Album review

Retro Grades

Various Artists

THE ORIGINAL ELECTRO ALBUM

EMI GOLD

Various Artists

THE VERY BEST EUPHORIC OLD SKOOL BREAKDOWN

TELSTAR

Various Artists

RAVE ON! 16 RAVE CLASSICS 4 PARTY PEOPLE

DEMON

Hell is other people's irony. You may have had one of the most enjoyable, miserable or meaningful nights of your youth as Wham! or Five Star or Blue Pearl pounded away in the background. You'd relish the tackiness of your own nostalgia except, trouble is, everyone does. You are no different for being aware of tragic-comic juxtaposition than are pop quiz hosts, or TV schedulers, or the people who bung together these compilations, which will briefly sell by the lorry-load. Your granddad's Chuck Berry is your Paul Hardcastle, your dad's Alvin Stardust is your Adamski. It goes on. You are a face in the crowd.

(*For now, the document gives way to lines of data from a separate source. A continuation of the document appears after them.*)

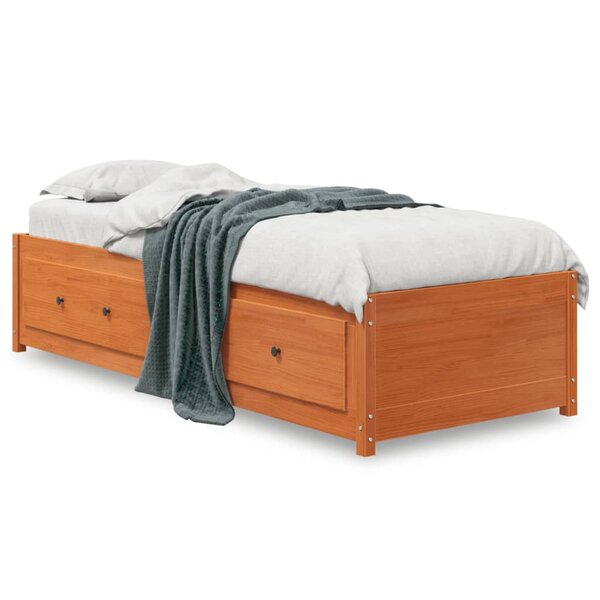vidaXL Lit de jour sans matelas cire marron 90x190 cm bois pin massif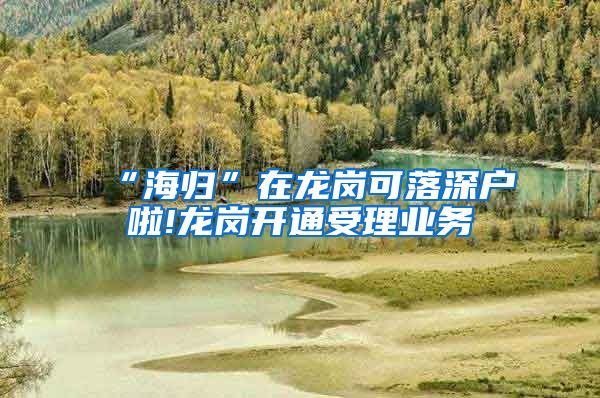 “海归”在龙岗可落深户啦!龙岗开通受理业务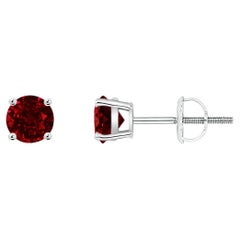 ANGARA Natural Basket-Set Round 0.68ct Ruby Studs in 14K White Gold for Women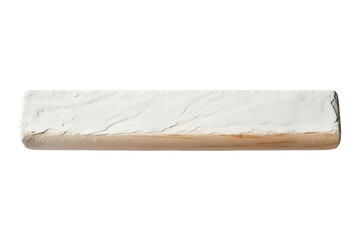 Close-up image of a long rectangular chalk piece isolated on a white background, ideal for educational or artistic use.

Choose 80s Dance is as good as it could be—for every staccato killer (Shannon, Tone Loc) there's a bloated belch (Falco, Yazz). Frankie Goes To Hollywood, an idea gloriously beyond its era, transcends it. Stock, Aitken and Waterman don't. Paula Abdul was, one feels years later, terribly underrated.

The Original Electro Album is svelte, though there have been plenty of similar 'electroclash blueprint' albums appearing lately. The synthespians are all here—The Human League, Spandau Ballet, Simple Minds. Japan, as ever, sound a plane above, and Ultravox's "Thin Wall" is a much-maligned stonker. "Things were much better 10 years ago!" hollers The Very Best Euphoric Old Skool Breakdown. Can we beg to differ? The repetition is cloying; 'euphoria' a cheapened noun. Black Box (actually from 1989) dominate; Snap, M People and Technotronic try to, like bullies. Rave On! thumps from that irksome twit Moby to Rozalla screeching that everybody's free to go baaah with the rest of the herd. You are advised to dance with tears in your eyes.